En observant le visage de Mathieu, elle sentit son esprit s’égarer un instant. À quoi avait bien pu ressembler son initiation à lui, quand il avait 18 ans ? Comment avait-il découvert ce milieu, et pourquoi s’était-il passé plusieurs années, ensuite, avant qu’il n’y revienne régulièrement ? Ce devait être bien jeune pour vivre une telle expérience. Avait-il été dominateur ? Elle ne le croyait pas. Assumer ce rôle demandait d’avoir de réelles connaissances. Un temps, elle s’interrogea sur ce qu’avait pu être sa première expérience, en tant que soumis.

– Tu te poses des questions par rapport à moi ? intervint-il avec un regard amusé.

Elle sortit aussitôt de ses pensées, se retrouvant prise au dépourvu, comme en faute. Elle chercha à savoir que répondre.

– Tu n’as pas de raison de t’inquiéter, anticipa-t-il, avant de prendre un ton plus froid : ne te pose pas de questions.

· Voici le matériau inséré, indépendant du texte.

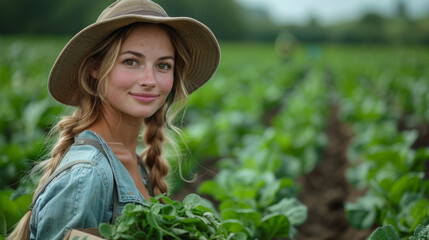 Rear view: A female farmer with a box of fresh vegetables walks along her field. Healthy Eating and Fresh Vegetables.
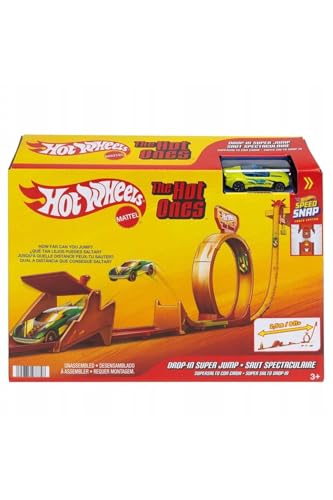 Image of Hot Wheels Toy Car Track Set, Hot Ones Gravity Drop Playset & 1:64 Scale Die-Cast Vehicle, Essential Components for a Race Build with Easy Storage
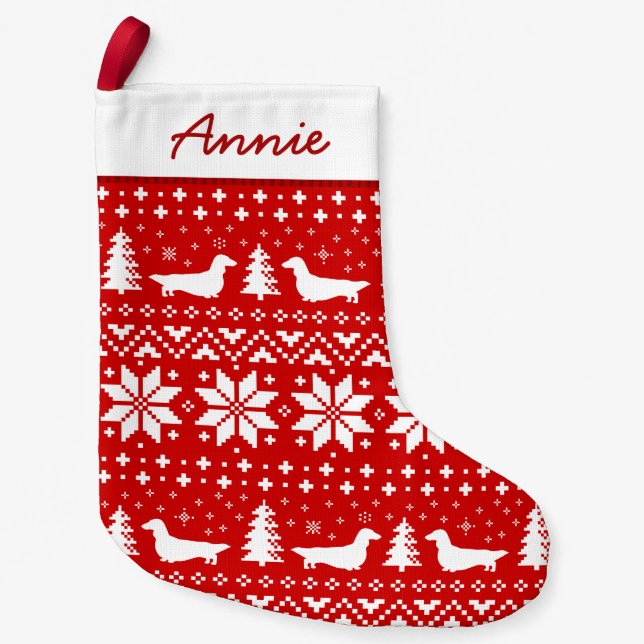 Petite Chaussette De Noël Motif des silhouettes de Dachshund rousse (Devant)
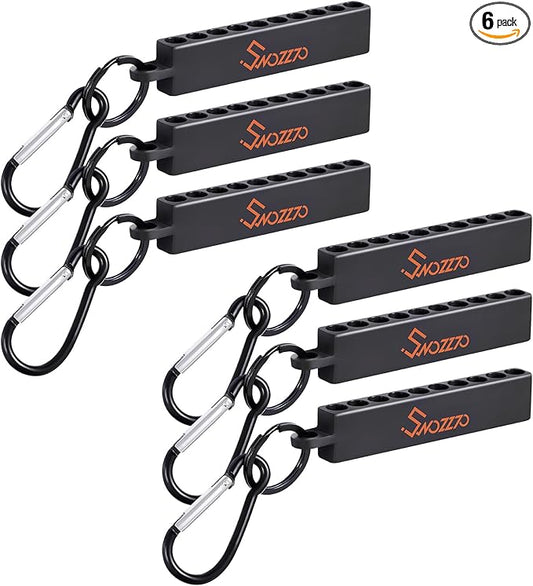 6PCS Black 10-Hole Screwdriver Bit Holder with Carabiner,1/4" Hex Drill Storage Organizer,for All 1/4" Hex Shank Bit & Drill Storage Case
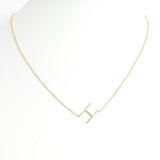 Gold Sideways Initial Necklace - Estilo Concept Store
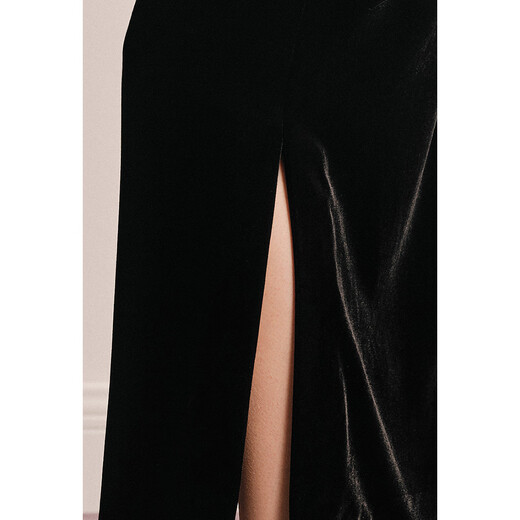 OBBLIGATO Origato Spring New Chinese Style Stand Collar Drop Shoulder Sleeves Beaded Velvet Jacket Black Single Skirt M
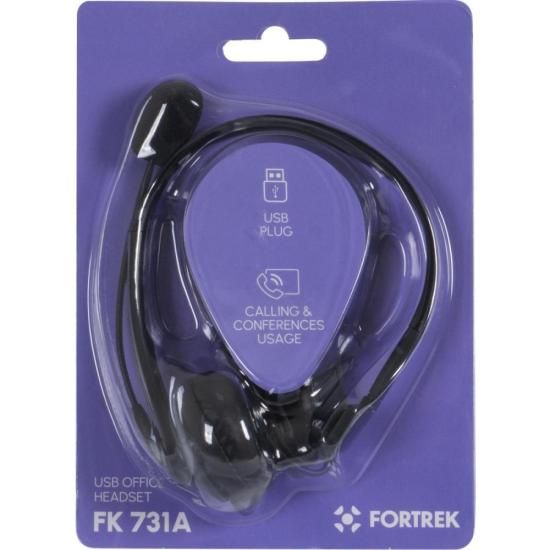 Headset Fortrek Office FK 731A USB Preto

Puis, un mouvement sec fit remonter ses poignets noués dans son dos, lui coupant un instant le souffle. Elle tâcha de retrouver sa contenance. Se laisser attacher ainsi était réellement surprenant. Le coton tressé rampait sur sa peau comme autant de mains qui y seraient passées, les pans de corde se faisaient autant maintiens que soutiens, l’enserrant, parcourant sa chair en des mouvements chaque fois impossibles à anticiper, parfois trop lents, parfois trop rapides à se resserrer, l’excitant malgré elle à chaque sensation de tension. Fermement maintenus dans son dos, ses bras se retrouvaient désormais immobilisés, tout le haut de son corps lacé dans un corset aux mailles démesurément larges. Des losanges de tailles différentes se formaient sur sa poitrine, passant autour de ses seins. Quel que soit l’angle depuis lequel on l’observait, l’ouvrage se révélait superbe, la couleur rouge du coton mettant en valeur celle laiteuse de sa peau.

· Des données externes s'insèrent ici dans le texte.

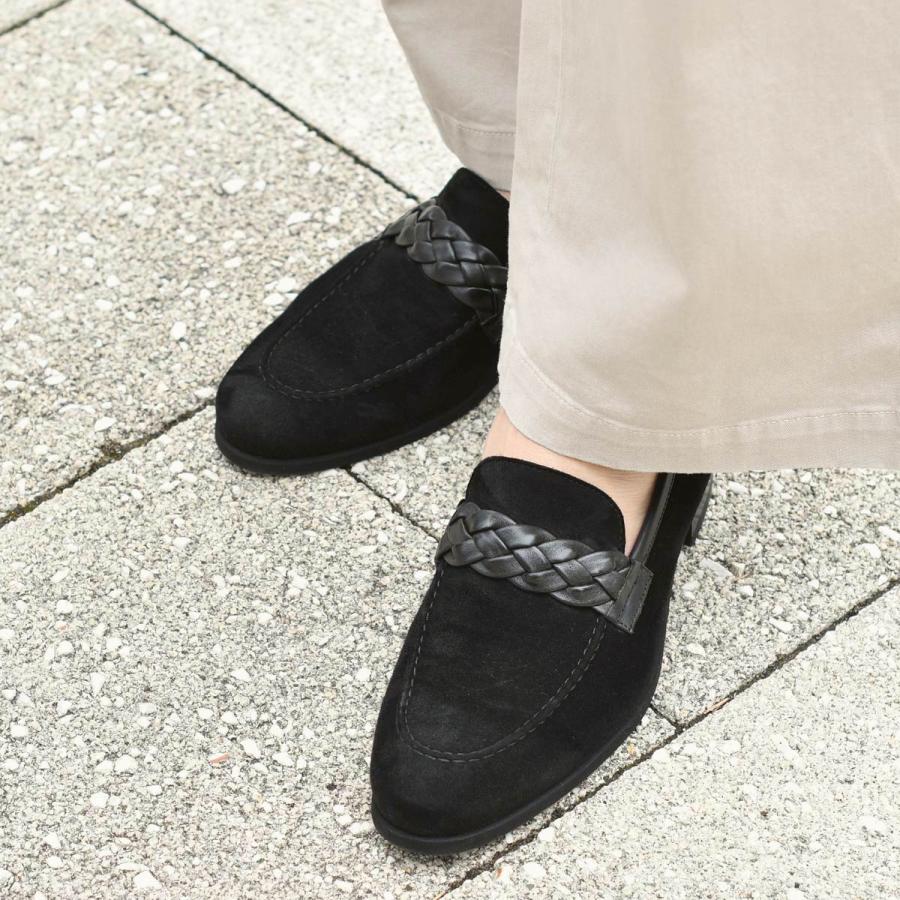 Ferrante【フェランテ】 別注150周年限定 イントレチャートサドルローファー CAPRI  ETON CAMOSCIO NERO 010 スエード カーフ ブラックの画像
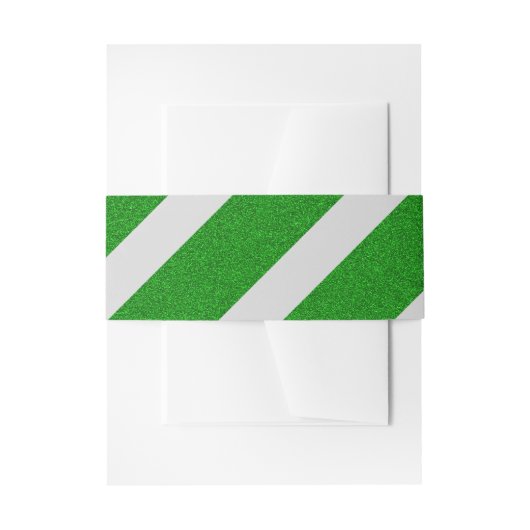 Groene Streep Glitter Uitnodigingen Wikkel (Voorkant Voorbeeld)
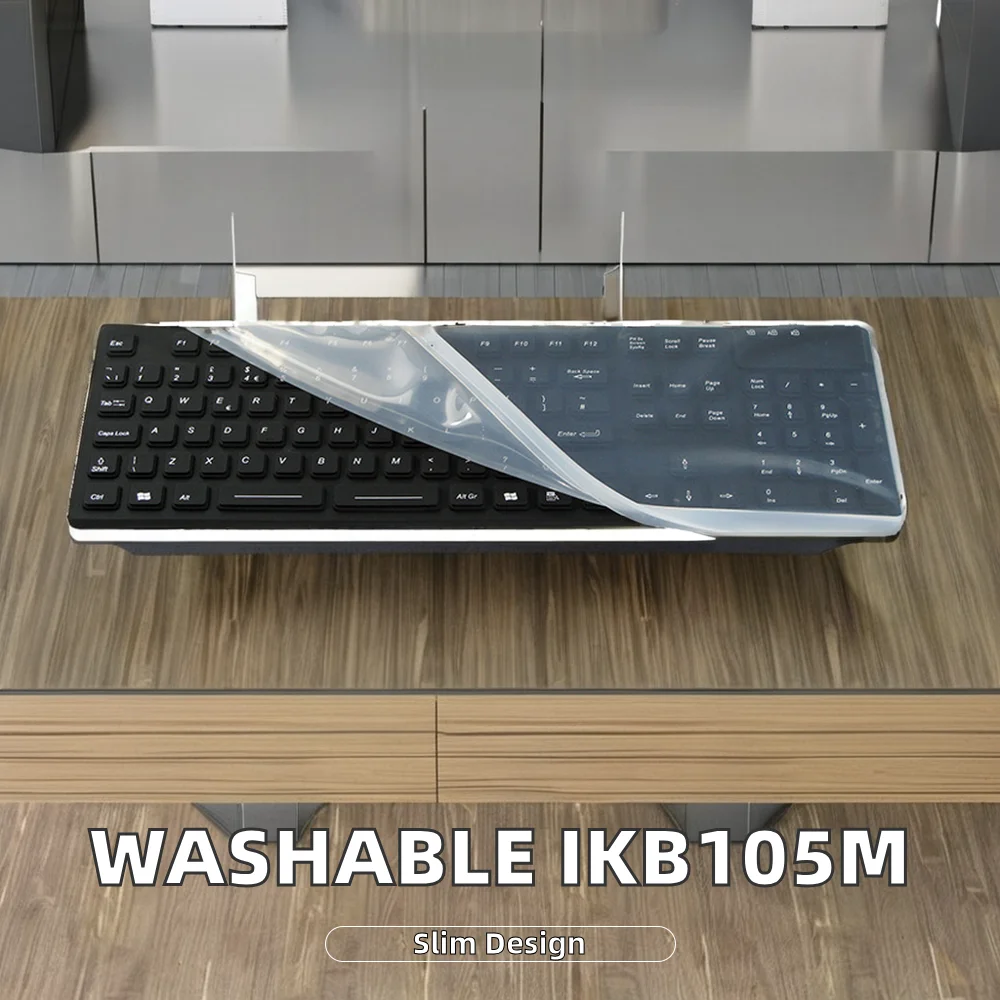 2025Black Desktop Keyboard LED Backlit USB Interface 104/105 Numeric Keys Wired Silicone Washable Black Switch Plastic Body New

Une fois le bondage terminé, il recula d’un pas pour la détailler. Sous son regard, elle se sentit incroyablement désirable. Alors qu’elle essayait de mouvoir ses membres, se rendre compte à quel point elle était vulnérable, soudain, provoqua cependant en elle une certaine angoisse et elle leva des yeux humides vers lui dans un appel à l’aide, sa respiration s’accélérant. Mais il posait déjà les mains sur ses épaules dans un geste rassurant. Son souffle s’apaisa, tandis qu’elle se laissait aller à la sensation de la peau chaude la caressant. Les lèvres qui se posèrent de nouveau dans son cou l’étourdirent légèrement.

– Calme, chuchota-t-il.

Elle expira longuement.

Il passa les doigts sur la peau fine de sa poitrine, s’accrochant aux cordages, faisant se plisser son mamelon dans une expression de fascination. Puis, il glissa les doigts sous deux coins de corde rouge au niveau de ses côtes et l’attira vers lui. De surprise, elle rouvrit les paupières, et l’espace d’un instant, elle eut l’impression qu’il la regardait comme s’il était sur le point de la serrer contre lui. Cela ne dura pas. La lueur dans ses yeux se transforma en autre chose. De plus espiègle.

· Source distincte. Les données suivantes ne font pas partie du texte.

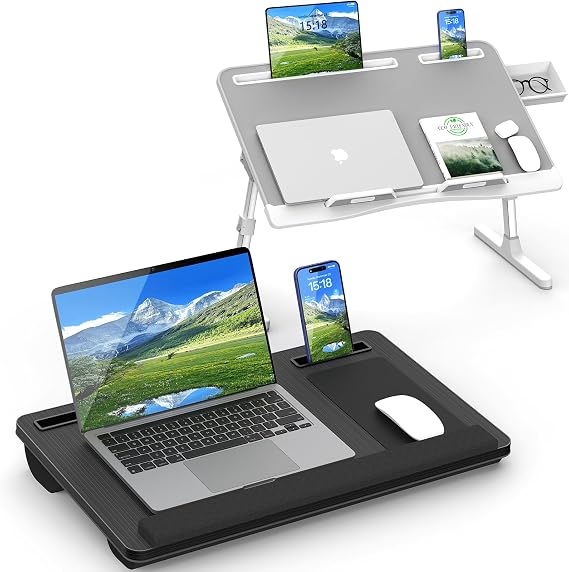 HETTHI Home Office Lap Desks, X-Large Adujustable Laptop Bed Desk and Portable Laptop Lap Desk for Writing Working Reading Eating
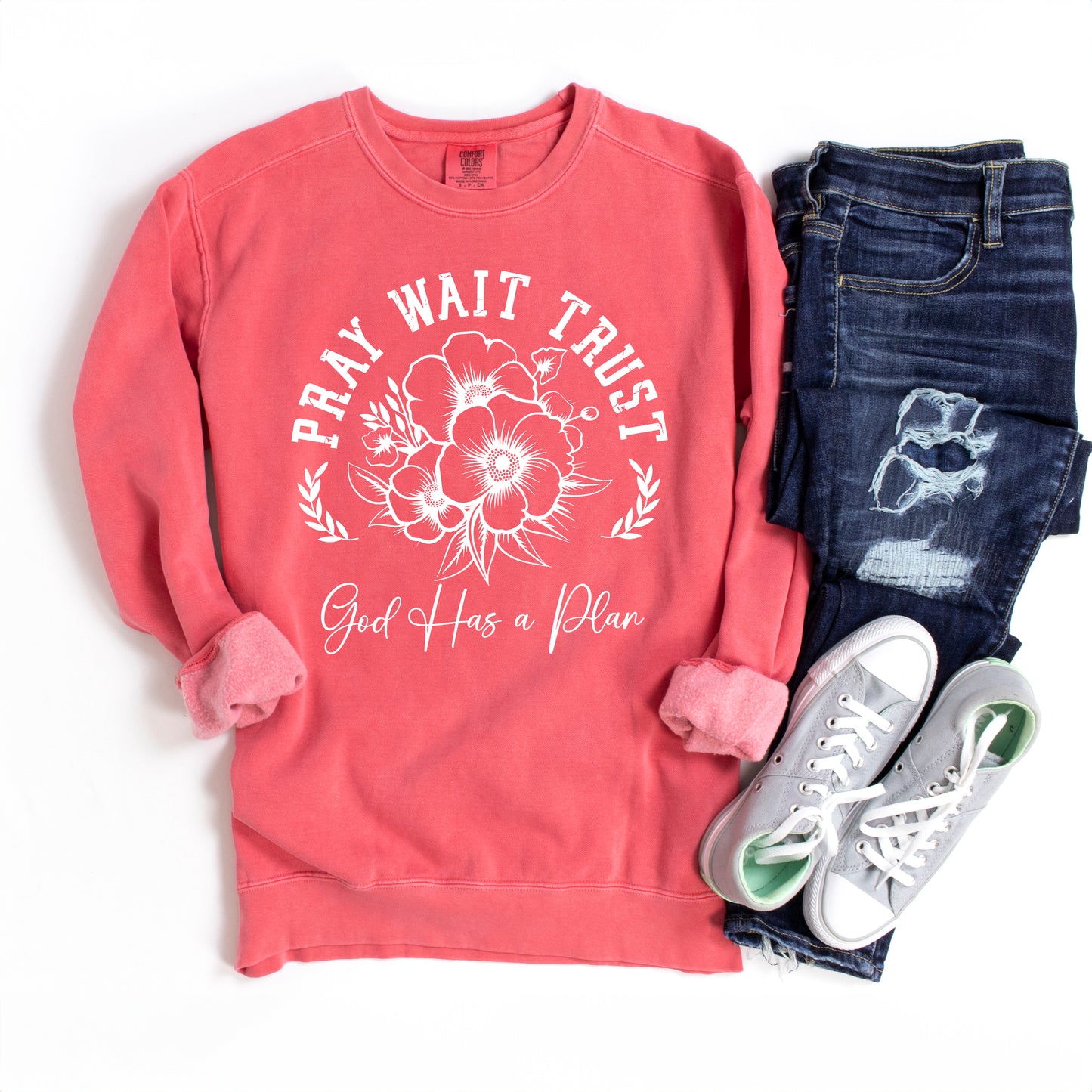 Pray Wait Trust Flowers | Garment Dyed Sweatshirt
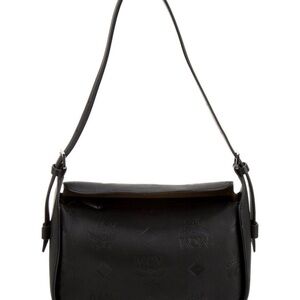 MCM Black Embossed Leather Shoulder Bag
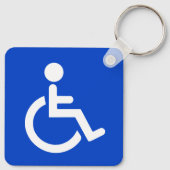 Blaues mit Behinderung Symbol Schlüsselanhänger (Rückseite)
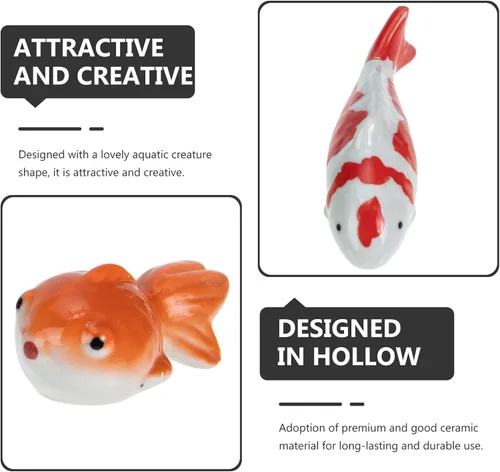 Vista 7 de Sewroro 3 piezas de bola de cerámica flotador de pecera, peces de acuario artificiales, decoración de acuario, adorno flotante de animales marinos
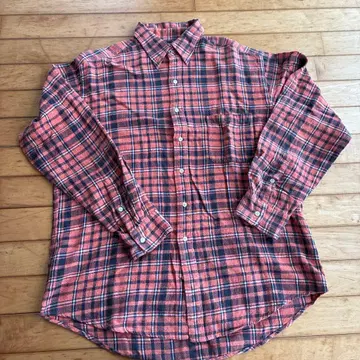 45rpm 체크 무늬 플란넬 셔츠 오렌지 계열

– Maintenant, on va s’occuper de ces jolies fesses, mademoiselle Clara.

Puis il la fit lentement reculer, sans pour autant cesser de la fixer.

La distance qui les séparait du lit, derrière les voiles sombres, ne fut pas longue à parcourir.

Une fois qu’ils y furent parvenus, elle s’y laissa pousser avec complaisance, tombant étendue sur le dos au milieu d’un matelas dont la fermeté la surprit. Puis, il posa un genou à côté d’elle, la contemplant avec un petit sourire en coin. L’instant suivant, il la retournait brusquement sur le ventre. Elle expira de surprise tandis que sa poitrine s’écrasait contre le matelas, les draps d’un noir profond se révélant rêches contre sa peau sensible. Naturellement, son visage se tourna sur le côté, tandis qu’elle sentait Mathieu retirer son sous-vêtement, la laissant uniquement vêtue de ses bas.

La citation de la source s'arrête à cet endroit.